Return the lines beginning at the one that contains "అఖిల్ను ఎలిమినేషన్ కోసం" and running to the end of the records, exactly and with nothing else. Omit pictures.

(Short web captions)
⟨

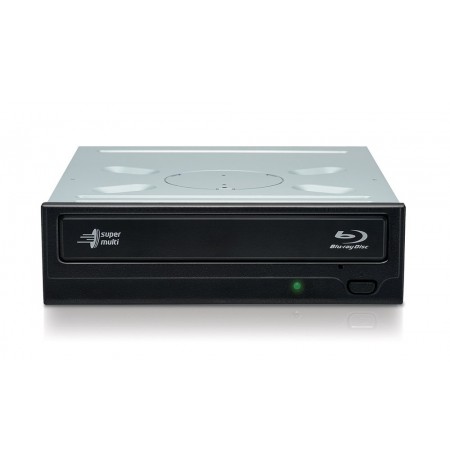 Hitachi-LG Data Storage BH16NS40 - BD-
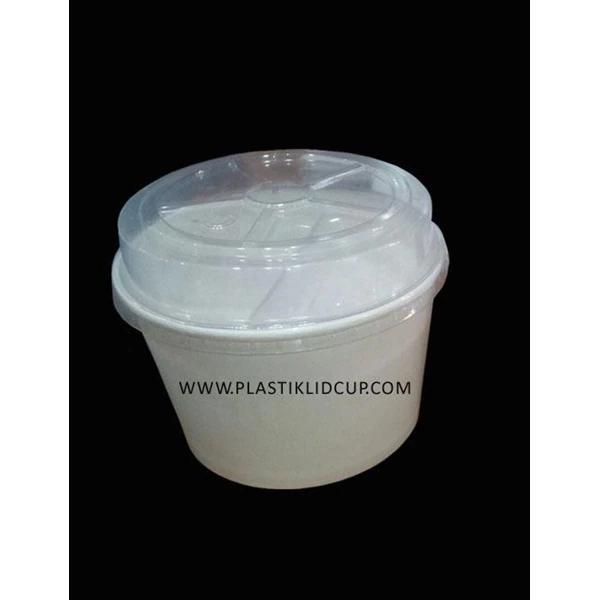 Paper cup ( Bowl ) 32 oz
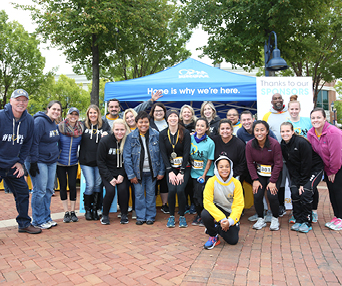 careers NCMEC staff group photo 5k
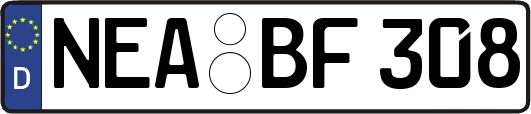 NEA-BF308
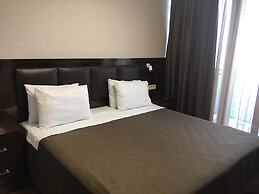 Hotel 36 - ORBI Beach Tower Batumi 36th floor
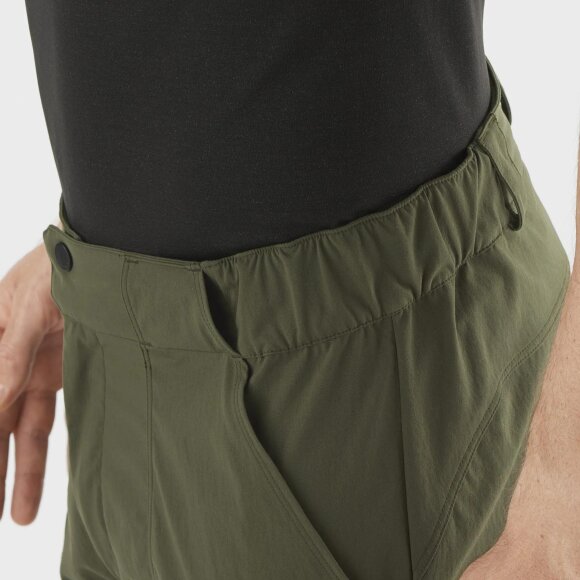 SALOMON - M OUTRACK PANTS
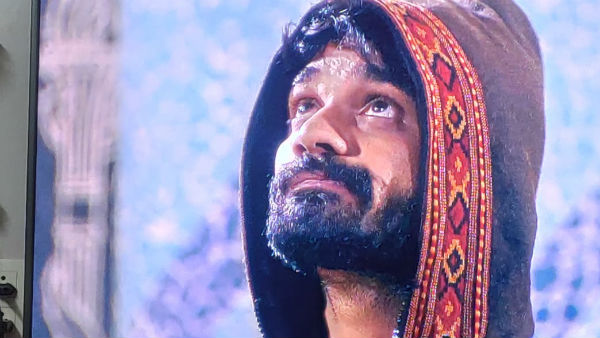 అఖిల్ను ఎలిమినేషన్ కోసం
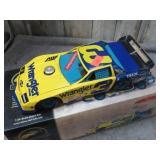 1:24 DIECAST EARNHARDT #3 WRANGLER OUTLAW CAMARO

⟩

### RESPONSE BELOW
 అఖిల్ను ఎలిమినేషన్ కోసం
 1:24 DIECAST EARNHARDT #3 WRANGLER OUTLAW CAMARO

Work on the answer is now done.